I.... the.... you.... 

Teach me my master...

Amazing stash Ron.. I'm literally speechless.


----------



## neil

i think i just died and went to cigar heaven... oh wait, it was just schukins' at home B&M lol that collection is bigger than both of my local b&ms combined!


----------



## maxlexi

shuckins said:


> please sit down before continuing...lol
> 
> several people have expressed an interest in seeing my stash and i don't mind sharing, but i will only show 2 of my humidors (i have 5 at the moment). got to keep some secrets,right...lol
> 
> hope you enjoy the pics!
> 
> top of the tower:
> 
> 
> 
> 
> 
> 
> 
> 
> 
> bottom:
> 
> 
> 
> 
> 
> 
> 
> 
> (sorry,but the drawers must remain a secret)
> 
> my cabinet (the front layer only):
> 
> 
> 
> 
> 
> 
> 
> 
> 
> and some clutter:
> 
> 
> 
> 
> 
> 
> 
> 
> 
> i know,i know,i need to get better organized!
> 
> any questions?


WOW, thats crazy.


----------



## CiGaR_SlAyEr

maxlexi said:


> WOW, thats crazy.


Ya if he didnt send out so many bombs he would probably not have any room in his house to sleep with all those smokes  Somthing to aspire towards


----------



## jbgd825

How do you even choose what to smoke? I wanna be you man. Lol


----------



## Fuzzface

holy crap


----------



## shuckins

jbgd825 said:


> How do you even choose what to smoke?


i was asked this same question a couple of days ago when i had some friends over for a couple of smokes. i will have a certain cigar in mind that i want to smoke,but 9 times out of 10 while looking for it,i'll find something else,and say "i forgot about this,think i'll smoke it instead"...lol


----------



## the_brain

shuckins said:


> I will have a certain cigar in mind that i want to smoke,but 9 times out of 10 while looking for it,i'll find something else,and say "i forgot about this,think i'll smoke it instead"...lol


We all wish we had this problem.


----------



## ProbateGeek

shuckins said:


> i will have a certain cigar in mind that i want to smoke,but 9 times out of 10 while looking for it, *i'll realize that I've never even SEEN that particular cigar, and say "i best forget about that, think i'll smoke my regular $3 stick instead"*...lol


Don't know about you guys, but I have this problem all the time . . .

:ss


----------



## StogieNinja

I have a question: do you really enjoy Rocky Patel CI Legends?!


----------



## Oldmso54

ProbateGeek said:


> Don't know about you guys, but I have this problem all the time . . .
> 
> :ss


That sounds like lawyer talk to me ....:drama:


----------



## StogieNinja

ProbateGeek said:


> Don't know about you guys, but I have this problem all the time . . .





Oldmso54 said:


> That sounds like lawyer talk to me


Don't be upset, Shawn. You and Terry are both getting up there in years. It'll start to happen more and more as you get older. That happens.


----------



## ProbateGeek

Aninjaforallseasons said:


> I have a question: do you really enjoy Rocky Patel CI Legends?!
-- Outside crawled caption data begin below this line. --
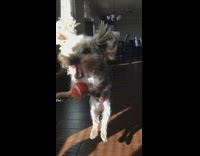 Slow motion of dog missing thrown ball 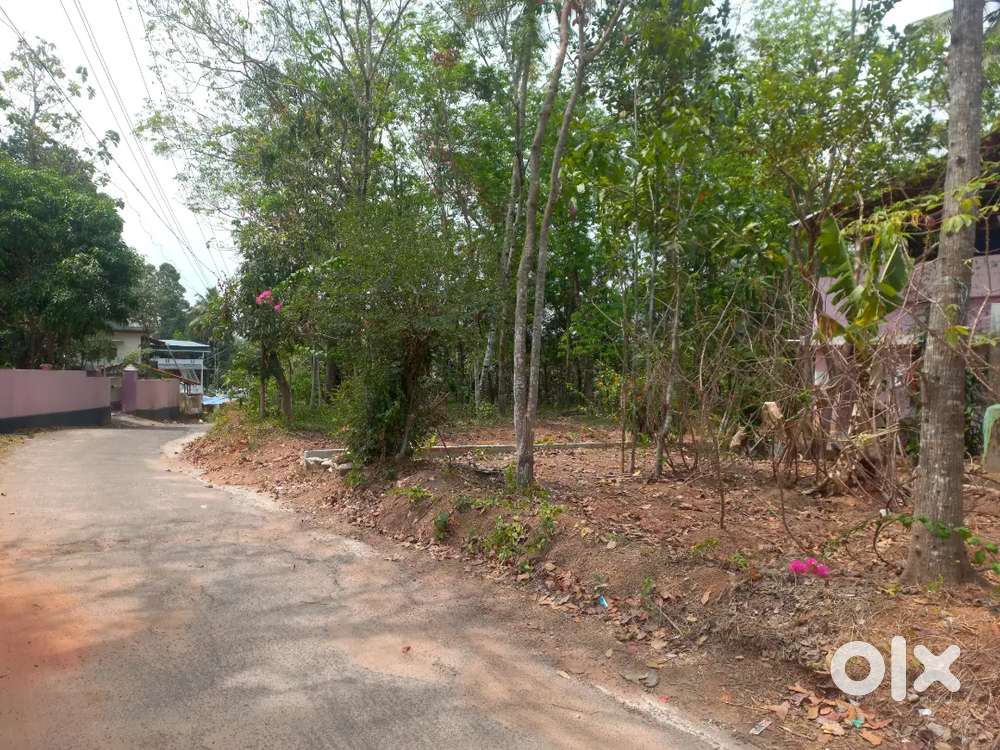 പെരുമ്പുഴ ജംഗ്ഷനിൽ നിന്ന് ഒന്നര കിലോമീറ്റർ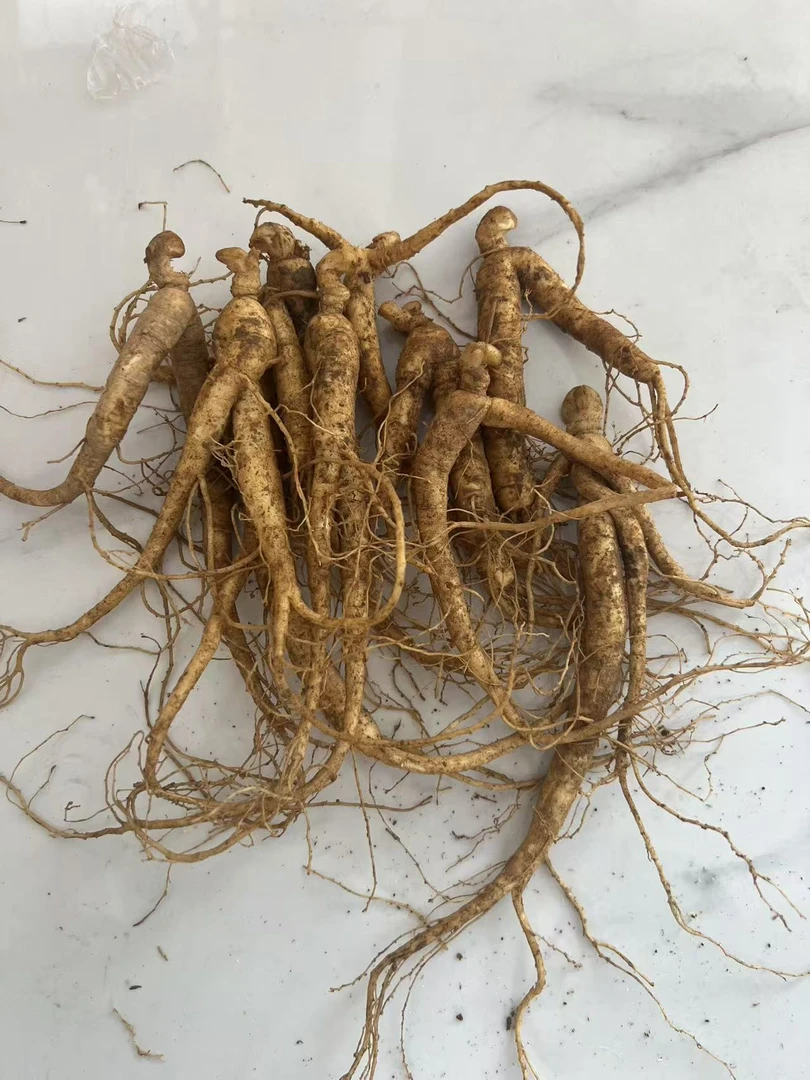 文登西洋参 鲜西洋参  文登新鲜西洋参 足龄小鲜参 15根分叉形状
Long response: I've only had two - the first was part of a sampler and was so plugged it couldn't be smoked. I sent it back to CI with a Maroon Label, which also couldn't be smoked. They sent me two new ones that smoked perfectly, and that one was very good.

I still enjoy the Camacho/Whites, the DPG Yellows, and the Blue Matasas, and have a few of each. The Perdomo/Reds are also good, as are the Nestor Plasencia/Maroons. So for me, these are fine as an every day smoke. But then again, I'm VERY easy to please.

Shorter response: Yes.

And to beat Derek to the punch, so to speak: 


Aninjaforallseasons said:


> . . . But then again, I'm VERY easy to please.
> :ss


"That's what she said!"


----------



## n00b

shuckins said:


> i was asked this same question a couple of days ago when i had some friends over for a couple of smokes. i will have a certain cigar in mind that i want to smoke,but 9 times out of 10 while looking for it,i'll find something else,and say "i forgot about this,think i'll smoke it instead"...lol


this i can tell you is true.. and i have seen the HUGE FREAKING STASH!!! and those pics.. are about 1/100th of it.. :>


----------



## Quietville

You have a hoarding problem.


----------



## raylol16

Is it wrong if I got a woody looking at the pics? lol


----------



## Screamin' Duck

shuckins said:


> i was asked this same question a couple of days ago when i had some friends over for a couple of smokes. i will have a certain cigar in mind that i want to smoke,but 9 times out of 10 while looking for it,i'll find something else,and say "i forgot about this,think i'll smoke it instead"...lol


I've heard that before! LOL. Someday.....that will be my problem. LOL :smokin:


----------



## Screamin' Duck

ninjaturtlenerd said:


> i cant stop looking at the glory that is your stash but i also cant help feeling O.C.D. and wanting to organize them lol


I thought about that while I was there! I really wanted to while another fellow puffer had him liquored up and distracted, but I quickly realized that with all he had.....it would have taken MONTHS!!!! LOL. Plus I didn't want Zilla comin after me! :nono::bolt:


----------



## n00b

I just wanted to be adopted.. and set up a cot in there..


----------



## ProbateGeek

raylol16 said:


> Is it wrong if I got a woody looking at the pics? lol


It would be wrong if you did not.

:ss


----------



## sweater88

n00b said:


> I just wanted to be adopted.. and set up a cot in there..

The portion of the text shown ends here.